A questa separazione dualista fa seguito una ingiusta divisione: lo spirito è concepito come buono, il corpo come cattivo. Radicalmente, fondamentalmente, nella sua essenza, il corpo è viziato, imperfetto e conserva la traccia del peccato originale. Lo spirito, al contrario, è concepito come puro, giusto e incline al bene. Le tendenze negative non possono che provenire dal corpo. È lui la fonte del male, il tentatore. Il corpo è dunque diabolico, mentre lo spirito corrisponde al divino. Dalla corruzione del corpo derivano la lussuria, l’accidia, la gola, l’ira… È qui che si trova la grande distinzione, antica e universale, tra il puro e l’impuro. Per estensione, l’impuro è diventato il corporale. Tutto ciò che è legato al corpo è sporco e impuro, che siano le evacuazioni corporali o, più semplicemente, gli starnuti, gli sputi, i colpi di tosse…
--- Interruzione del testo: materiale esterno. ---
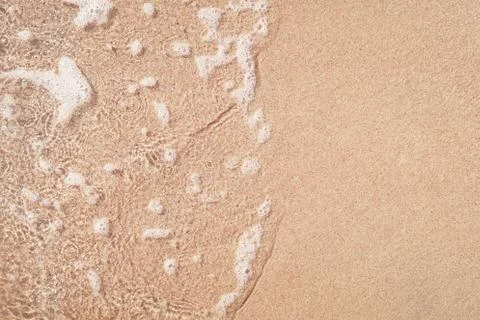 Wave on sandy beach Stock Photos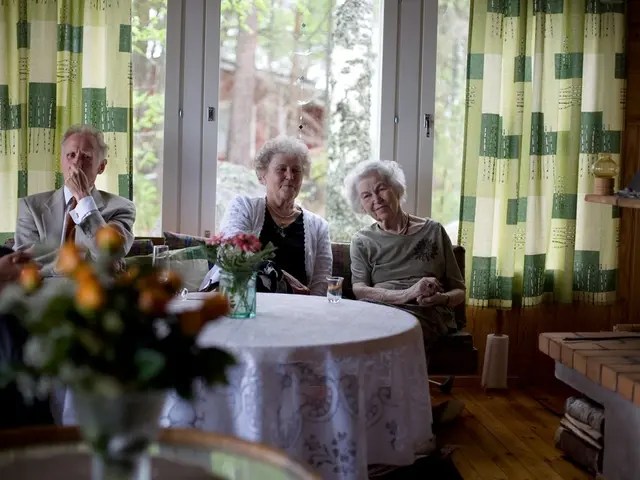 There are group of old people sitting on sofa and a table in front of them with a flower vase on...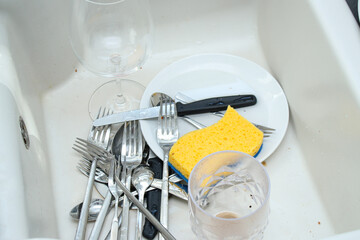 Close up of white ceramic kitchen sink full with dirty unwashed dishes 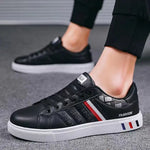 A pair of black low-top sneakers with white soles, worn by a person dressed in black joggers. The shoes feature red, white, and blue side stripes, “SPORT” lettering on the side panels, and the word “FASHION” near the heel.
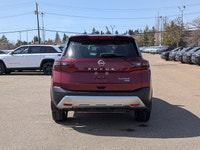 This pre-owned 2023 Nissan Rogue Platinum is finished in a beautiful Red paint with a refined Graphi... (image 4)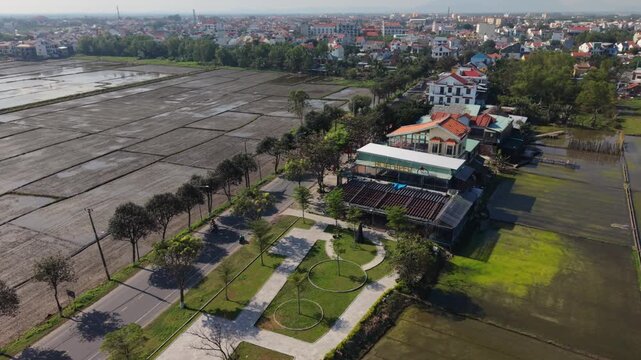 Aerial View Hoi An Rice Fields Sunlit Paddy Plots, Village Lane With Redtiled Roofs And Scattered Villas, Irrigation Canals Reflecting Sky, Dry Muddy Terraces And Distant Town Skyline,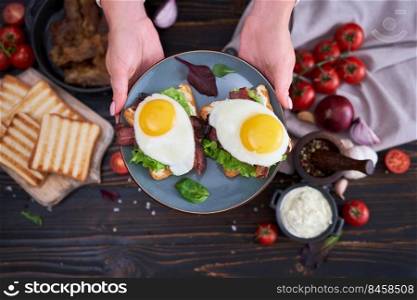 Fried eggs, bacon and cream cheese sandwiches on a plate on wooden table at domestic kitchen.. Fried eggs, bacon and cream cheese sandwiches on a plate on wooden table at domestic kitchen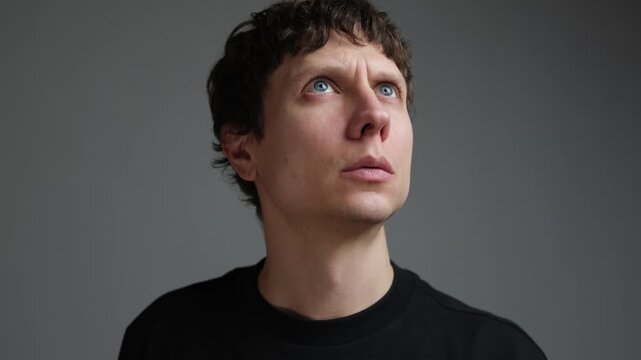 Man hearing distant explosion and air raid sound, anxious portrait looking up in fear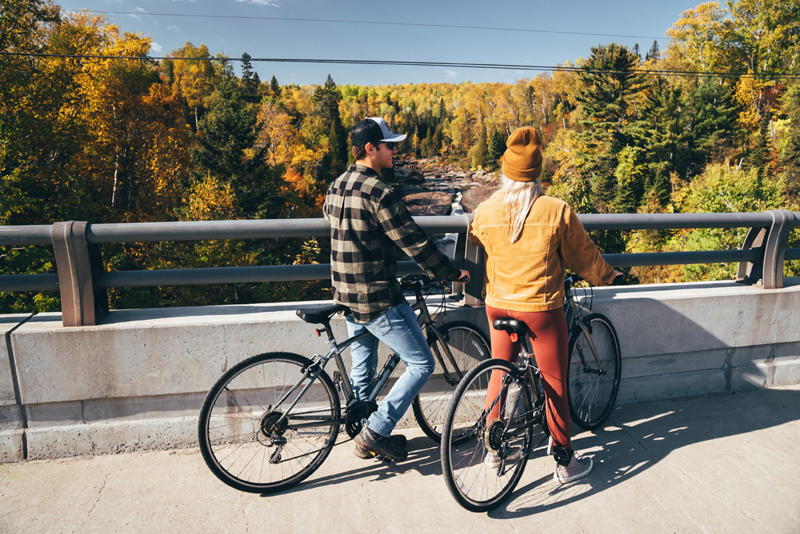 Couple on bikes admiring fall foliage view.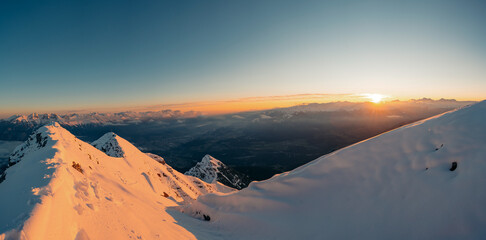 Winter panoramic view of gorgeous pink sunrise over glacier and high mountain peaks in the Alps....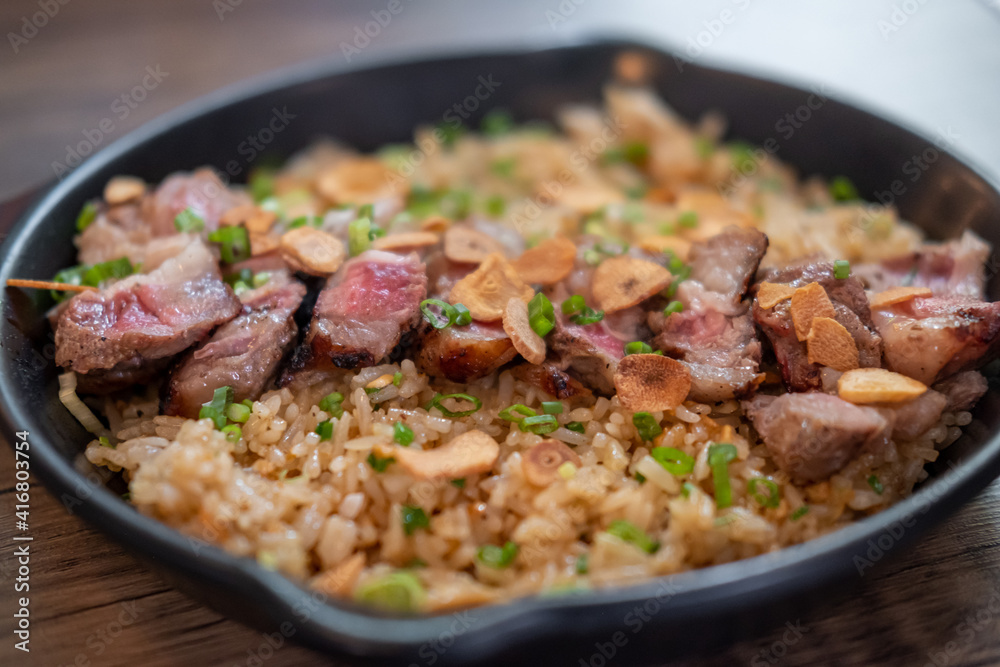 Beef with garlic fried rice, a Japanese dish consisting of a bowl of rice topped with rare beef served on a black pan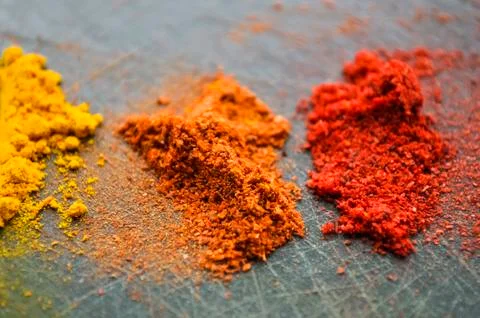 Eastern condiments scattered on a table at home. Turmeric and pe Stock Photos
Ne deriva il disprezzo del corpo, in quanto inferiore. Il corpo è subordinato allo spirito. Dev’essere dominato, indirizzato, soggiogato: sono tutte immagini che ricordano l’addestramento degli animali. Il corpo è dunque un animale, è l’animalità nell’uomo. Lo stigma che l’uomo porta su di sé sono le parti vergognose (pudenda). Ogni brutalità deriva dal corpo. Lo spirito, invece, è considerato come essenzialmente umano, civilizzato e talvolta divino. Perciò la morale consiste essenzialmente nel far sì che il corpo obbedisca allo spirito.
Il corpo è considerato non soltanto intellettualmente spregevole, ma anche affettivamente disgustoso. La sporcizia è sia fisica che morale. Da qui tutte le tecniche di pulizia e di purificazione corporale che sono state elaborate dalle religioni, dalla morale, dalla medicina, dall’educazione, etc. Il corpo è talmente ripugnante che non deve mai essere scoperto. La ripugnanza conduce agli insulti. E così incontriamo nei nostri scrittori una serie di aggettivi qualificativi riferiti al corpo: abietto, vergognoso, ignobile, infame, detestabile. Beninteso, questi insulti sono riferiti a tutto ciò che partecipa della natura corporale: la donna tentatrice dell’uomo, i selvaggi privi di anima, gli animali disgustosi e diabolici, la terra e tutto ciò che essa produce. E così, questo odio per il corpo si manifesta attraverso una vera e propria persecuzione.
Una paura terribile si nasconde in realtà dietro questo odio profondo per il corpo. Se il corpo ispira repulsione, è perché lo si teme. Questa repulsione, in effetti, appare immotivata ed eccessiva. In taluni casi essa si sviluppa in una grave ansia di confrontarsi con il proprio corpo. Si ritiene che esso sia responsabile di tutti i peccati, e non solo delle tentazioni della carne.
La storia della somatofobia è un filo rosso che percorre gran parte della storia dell’Occidente. Possiamo risalire fino a Zarathustra e alla religione dualista degli antichi Persiani, con il dio del bene Ahura Mazda e il dio del male Angra Mainyu. E alla loro eterna lotta che divide il mondo intero in due: il giorno e la notte, il puro e l’impuro, l’anima e il corpo, il maschio e la femmina… Queste idee si ritrovano anche in Platone, che considera il corpo come un sarcofago dell’anima, e poi in San Paolo, che inventa la nozione di “carne”.
Marc-Alain Descamps, Ce corps haï et adoré, Paris: Sand, 1988.